With Mem working the 3-11 shift, she’s gone by the time I get home. Every day after school, I force myself to climb the four flights of stairs in the back of our building and then sit at the kitchen table until Mom shows up for supper.

I check the clock in the kitchen and then run as fast as I can from one end of the apartment to the other to press my face against Mem’s bedroom window, hoping to see Mom walking down the street. Then I run even faster back to the kitchen, convinced that the rats are waiting for me in the hallway.

I rock myself on a kitchen chair, willing my bladder to cooperate, so I don’t need to go to the bathroom by way of the dreaded scary hallway. If I can’t hold in my pee, I pee outside in the bowl of rat poison — way better than on the porch floor.

“The poor dear is lonely,” Mem told Mom in French a few days after the ear twisting while I colored at the kitchen table and pretended not to understand.
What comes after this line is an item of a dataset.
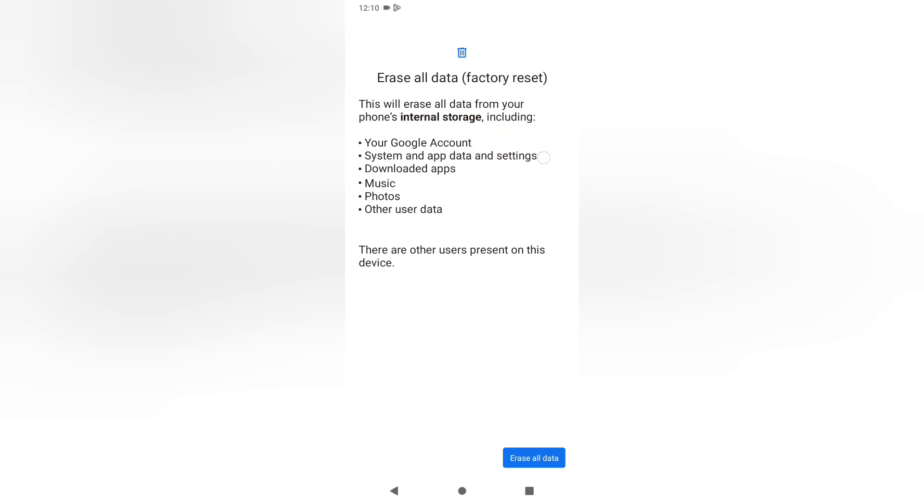It's going to erase internal storage, that's why you need to backup. Google account, system and app data and settings will be removed. Downloaded apps will be removed, music, photos, and everything will be deleted. That's why try to backup first to another device or cloud.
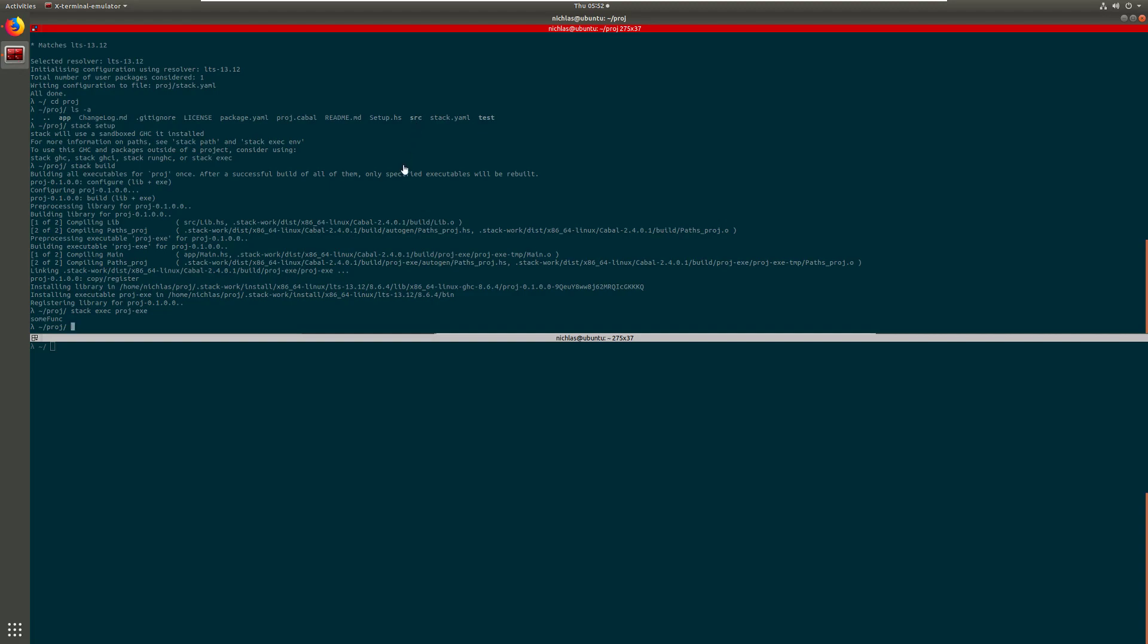And then what's next? Yeah, if you want to install a package, we'll talk more about this in a later video also when we actually need something that's not part of the standard library, you type in stack install and it could be a bunch of things. Wreq is an HTTP library for instance, but we'll look at that later. And then it will also update the yaml files as well.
Lonely wasn’t the half of it.

A couple of weeks later, Mom promised to take us all out to an expensive restaurant for a Mother’s Day lunch in New London.

The Lighthouse Inn was surrounded by water and was the fanciest place I had ever been. There was a path leading up to the front door with the most beautiful flowers, and on the front lawn, kids threw coins into a giant stone fountain.

I stuffed my face with eggs benedict and crispy bacon and washed everything down with my Shirley Temple cocktail. After brunch, I convinced Mom to let me throw a penny into the fountain and make a wish. The fountain area was filled with families who all had the same idea, and as we squeezed in and out of the crowds toward the fountain, Mem threw up everywhere.

Well, the crowd emptied out quick enough, and to their horror — and ours, Mem’s top false teeth flew out of her mouth and plopped right into the fountain.

Mere Germaine and Mom looked at Mem in shock as she bent over, fished her teeth out of the water, shook them off, and popped them back into her mouth. Then she turned to us and said, “la nourriture était trop riche,” which means the food was too rich.

Mom said she wanted to get the hell out of there. I was in no rush because I still never got to throw a penny in the fountain. She dragged me to the car, all the while talking under her breath about how embarrassed she was and how she couldn’t take us anywhere without us causing some kind of a ruckus. Mere Germaine was holding onto poor Mem, who was nauseous as all get out.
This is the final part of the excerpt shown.